What you have to do
The listing below holds a line with "Large open basement" and a line with "Zwei nackte Blondinen". Reproduce those two lines exactly, plus everything between them.

Extracted data
====

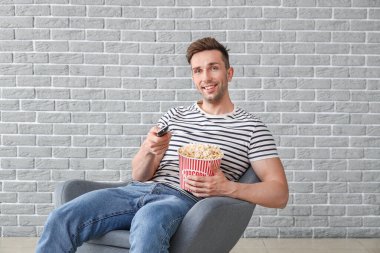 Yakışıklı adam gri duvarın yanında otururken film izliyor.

====

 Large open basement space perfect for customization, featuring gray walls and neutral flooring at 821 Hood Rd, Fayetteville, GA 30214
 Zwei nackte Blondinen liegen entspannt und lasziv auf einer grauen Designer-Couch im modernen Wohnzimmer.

====

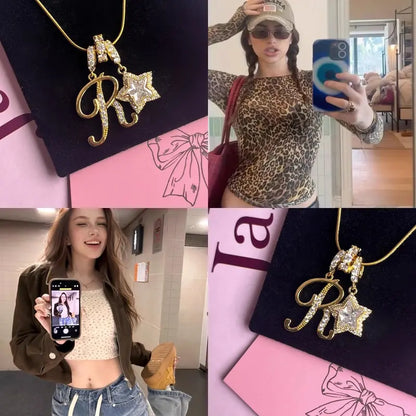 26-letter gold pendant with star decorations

====

Written solution
 Large open basement space perfect for customization, featuring gray walls and neutral flooring at 821 Hood Rd, Fayetteville, GA 30214
 Zwei nackte Blondinen liegen entspannt und lasziv auf einer grauen Designer-Couch im modernen Wohnzimmer.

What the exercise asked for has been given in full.